The Wall Street Journal Opinion: A Patent-Troll Bill With Bad College Grades, by Robert A. Brown and James P. Clements
This post originally appeared in The Wall Street Journal on April 14, 2015.
Mr. Brown is president of Boston University. Mr. Clements is president of Clemson University.
Universities conduct the majority of this country’s basic research. They have a long history of discovery that has led to new technologies, health advances and other developments often taken for granted as part of everyday life. The CAT scan and MRI, GPS, Doppler radar, the Internet, and hundreds of widely used medicines and vaccines are a few examples.

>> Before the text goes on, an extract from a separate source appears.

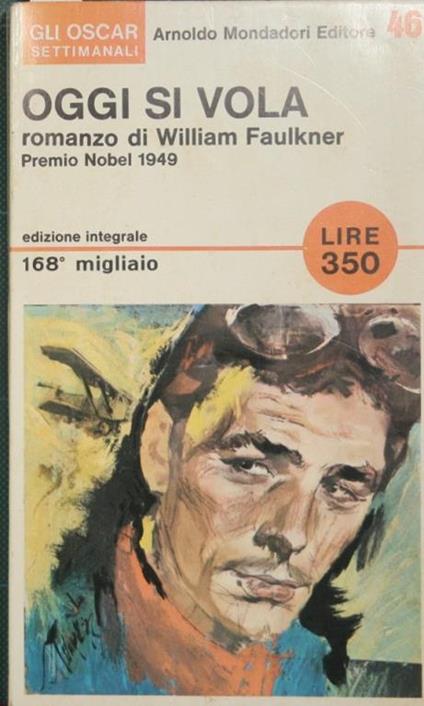 Oggi si vola. Romanzo - William Faulkner - copertina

But legislation now in Congress, the Innovation Act, would change the U.S. patent system in ways that would diminish the benefits of university research, as well as the innovation produced by independent inventors and startup companies. The bill, which passed the House in 2013 but died in the Senate, has the stated intention of protecting the U.S. patent system from abusive practices by “patent trolls.” These are businesses that do little other than acquire patents for the purpose of extracting payments unfairly from other businesses and entities, including universities. They do so by threatening litigation over alleged infringement of the trolls’ patents, in the hope that their victims will pay them to avoid going to court.
Patent trolls are a problem because they cost their victims substantial money and time and clog the patent-litigation system with meritless claims. Accordingly, universities support efforts to curb such bad behavior. However, not every patent holder seeking to protect its patent from infringement is a troll. Indeed most are not. Yet the Innovation Act starts from such a presumption, sweeping legitimate patent holders, including universities, in with trolls, making it considerably riskier and costlier for all patent holders, not just patent trolls, to enforce their patents against violators.